Dare Valley Country Park (Welsh: Parc Gwledig Cwm Dâr) is a public park in Wales. It lies near the village of Cwmdare and the town of Aberdare, Cynon Valley, in Rhondda Cynon Taff, South Wales. It comprises 500 acre of woodlands, pasture and moorland mountainside. It is maintained by the local Council, Rhondda Cynon Taf.

==Background==

Cwmdare had four large collieries in operation during its history, all of which had closed by 1977. The Cwmdare, Merthyr Dare and Bwllfa Dare collieries were all sunk in the 1850s, while work began on Nantmelyn Colliery in 1860. Over the next 120 years, the seams in the Maerdy mountain were gradually used up, with Merthyr Dare closing in 1884, Cwmdare in 1936, Nantmelin in 1957 when coal extraction stopped in the valley. Bwllfa Dare shaft was capped in 1977, after serving for 20 years as a ventilation shaft for Mardy Colliery, located in the Rhondda Valley on the opposite side of the mountain.

Two separate railway lines operated in the area operated by rival companies. The Dare and Aman Branch of the Vale of Neath Railway reached the local Bwllfa Colliery in 1857. This railway reached Cwmdare from Gelli Tarw near Llwydcoed, crossing the Gamlyn Viaduct at Penywaun and Dare Viaduct.

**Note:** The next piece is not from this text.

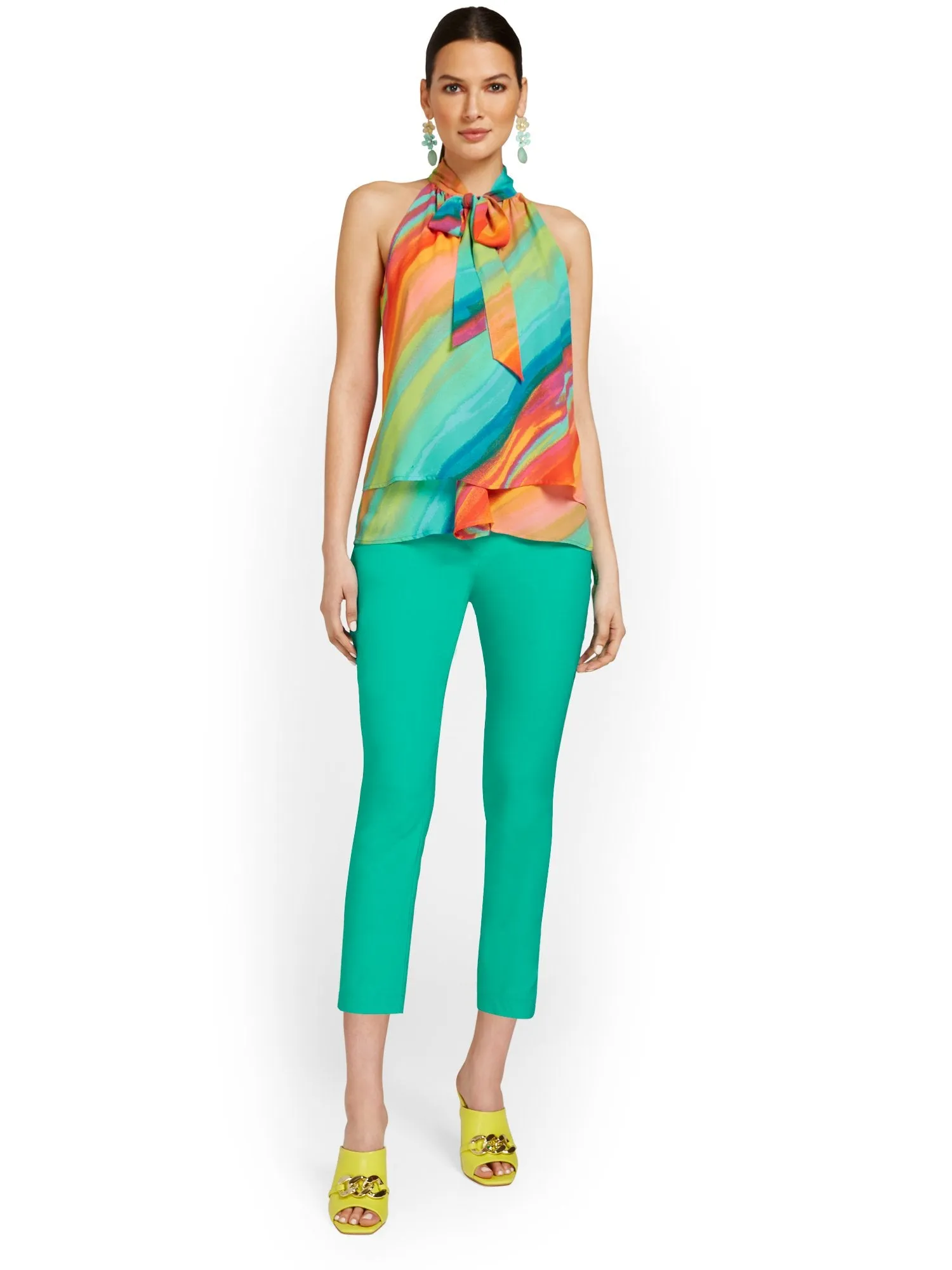 Whitney High-Waisted Pull-On Slim-Leg Capri Pant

Both viaducts were designed by Isambard Kingdom Brunel. The second line to Cwmdare was built by the Taff Vale Railway and followed a route near the River Dare from a junction close to Aberdare. This line was opened in 1866.

==History==
The Park was opened in December 1973, built on land reclaimed from over a century of coal mining in the area. The land reclamation took two years and involved the clearing of coal tips and re-routing of the River Dare.

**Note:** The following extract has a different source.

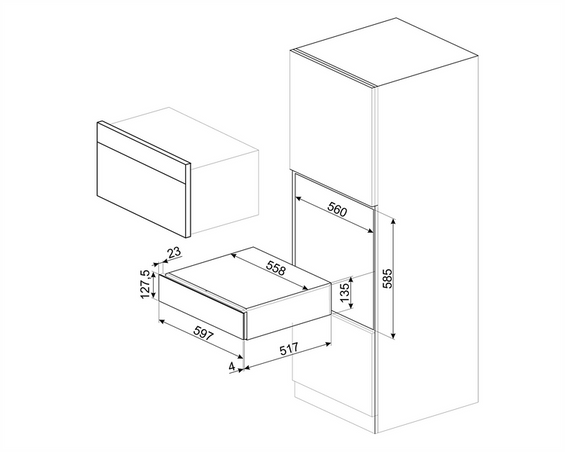 Szuflada sommeliera SMEG CPS115B3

There are many historical remnants of the coal mining past to be seen in the Park, including colliery coal trams, and pit winding gear which forms part of a monument in the northern part of the Park. In 1985 a Visitor Centre was established at the Park.

==Feature and Amenities==
The Park features two artificial lakes (an upper and lower) with a cascade on the Dare down to the lower lake. The Park is open all year round and offers free car parking.